Non plus pour les réductions attendues de nos droits à la retraite, au chômage, à la santé. Il n’en a cure, Cyrille Melchior, car «il faut avoir de la reconnaissance », peu importe s’il se détourne ainsi de la candidate qui représente sa famille politique. 

C’est grave. Non pas la trahison, le monde politique y est habitué, mais la raison invoquée.

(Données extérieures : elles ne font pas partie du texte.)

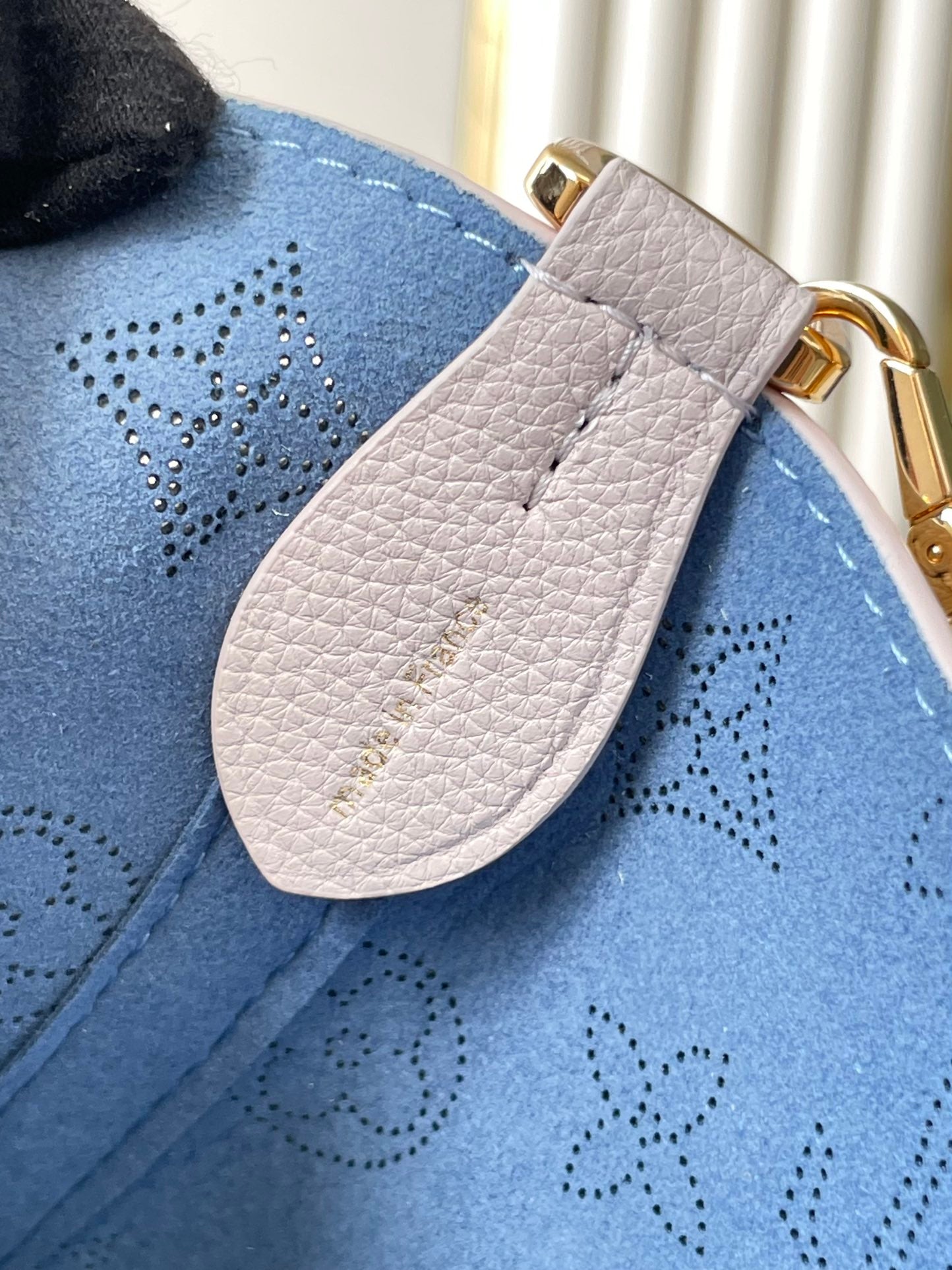 BLOSSOM PM 20 EN CUIR DE VEAU PERFORÉ BLUME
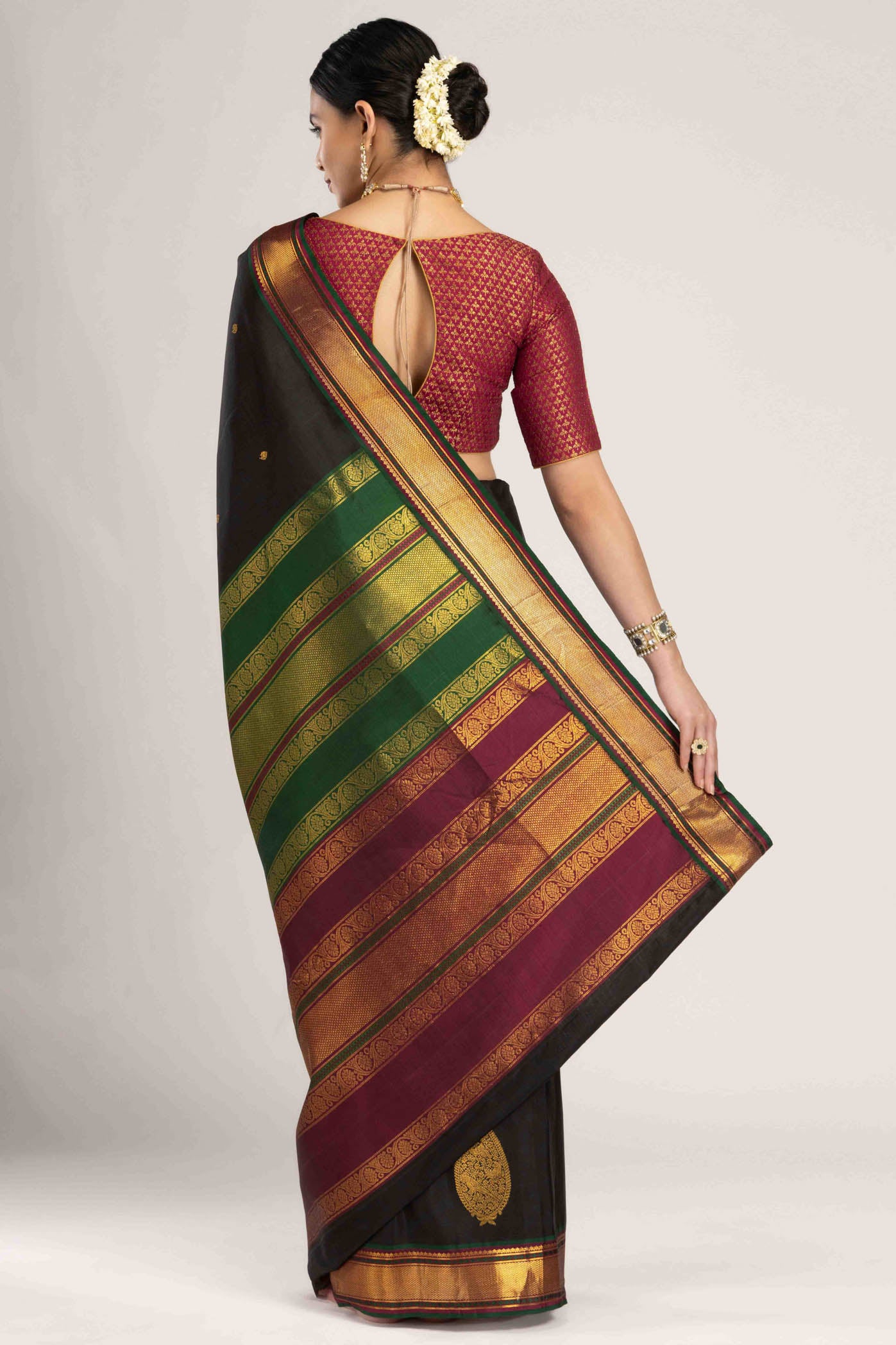 pallu body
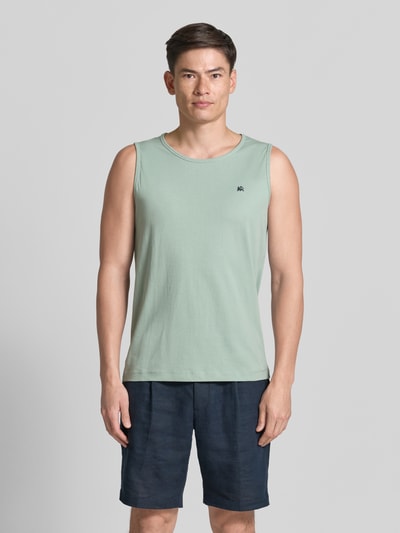Männermodel trägt Tanktop mit Rundhalsausschnitt und Logo-Print von Lerros aus Reine Baumwolle, Regular-Fit, Rückenlänge 69 cm, Ganzkörperansicht von vorne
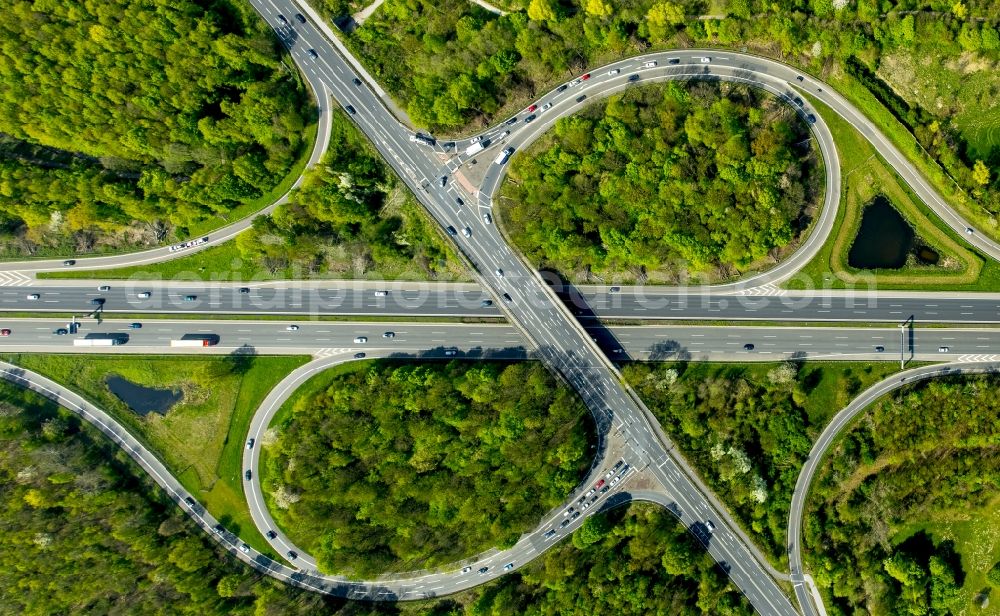 Aerial image Hilden - Routing and traffic lanes during the highway exit and access the motorway BAB A46 Erkrath in Hilden in the state North Rhine-Westphalia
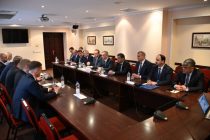 Международные наблюдатели встретились с руководителями партий, участвующих в парламентских выборах в Беларуси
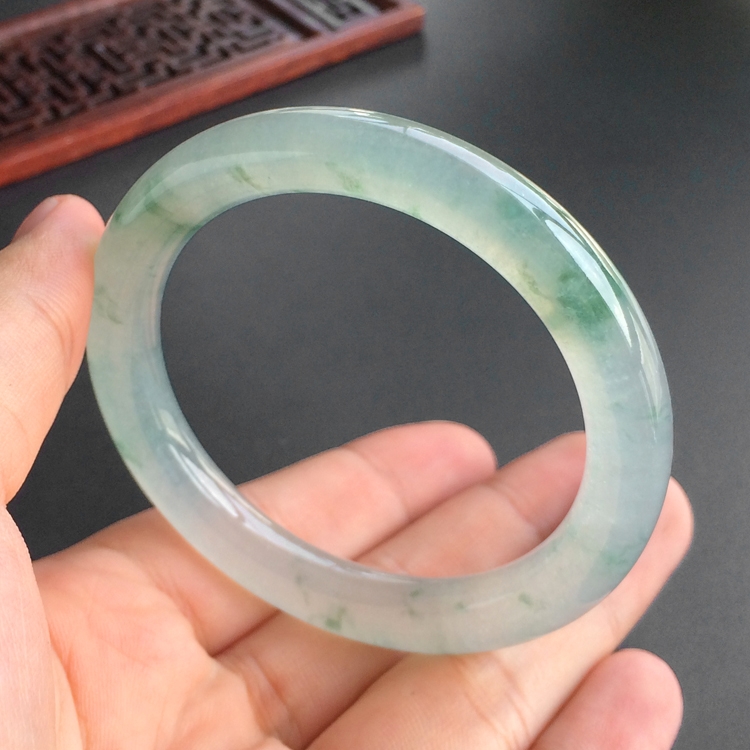 (超值推荐)冰种飘花圆条手镯(53.3mm)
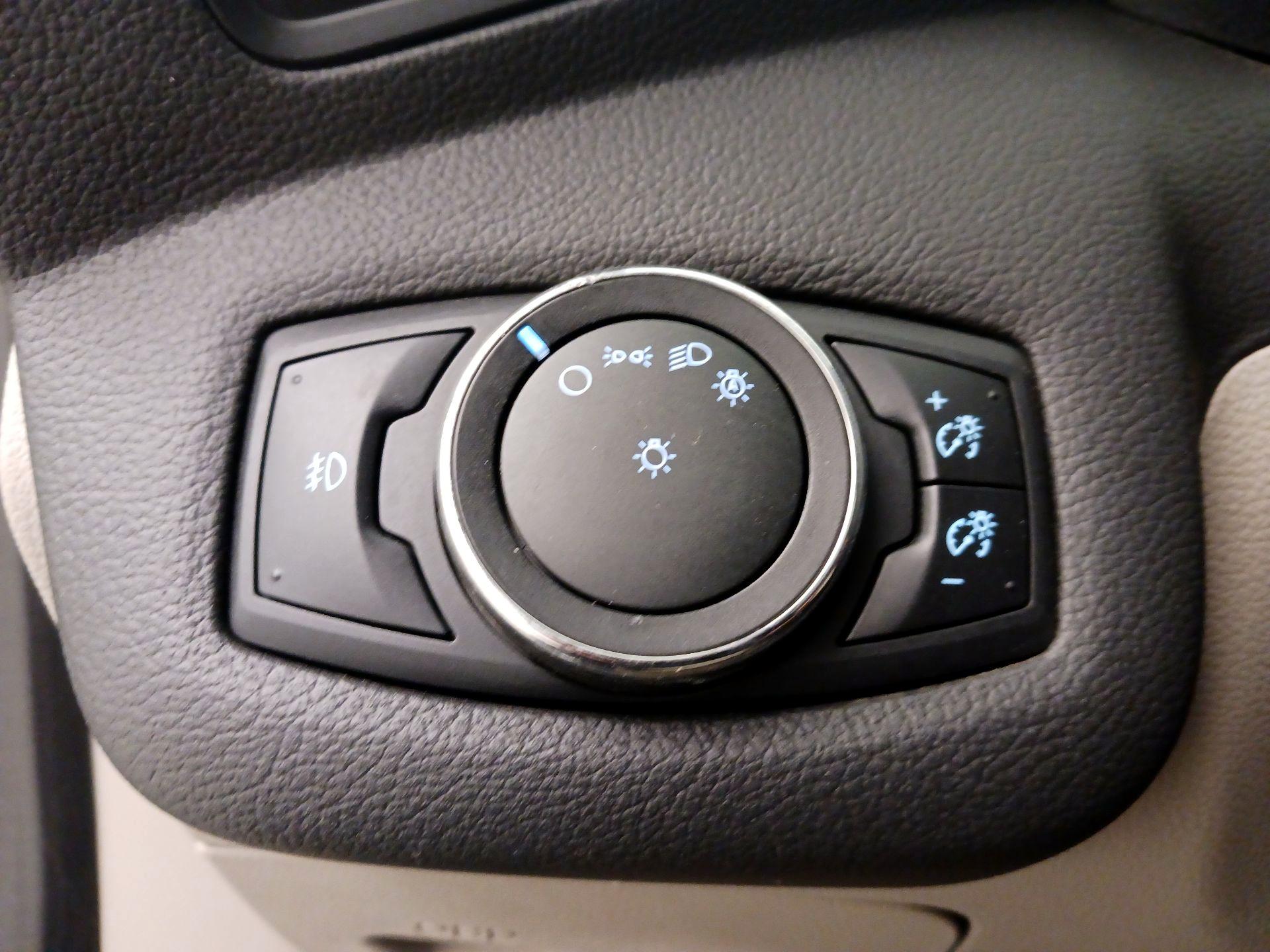 Thumbnail: 2014 Ford C-Max - 13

C’est l’argument massue de toutes les élections locales, c’est l’argument qui reconnait sans complexe le clientélisme, l’achat de voix et la corruption. « Il faut avoir de la reconnaissance. »  

Contre un petit boulot à la mairie, au Département ou à la Région, « il faut avoir de la reconnaissance »; contre le déclassement d’un terrain, « il faut avoir de la reconnaissance »; contre une subvention, un billet d’avion, « il faut avoir de la reconnaissance ».

Mais la politique n’est-elle pas au service de la population et du bien commun? L’emploi n’est-il pas offert en échange d’une compétence et de force de travail, le permis de construire n’est-il pas accordé dans le cadre d’un harmonieux aménagement du territoire, la subvention ou le billet d’avion pour faire fonctionner l’économie le sport ou la culture?

Il faut croire que non. Ces mesures ne sont pas décidées pour le bien commun, mais en échange d’une « reconnaissance ». Toutes ces politiques, ces décisions, nous seront rappelées à l’heure des élections: il faudra faire preuve de reconnaissance.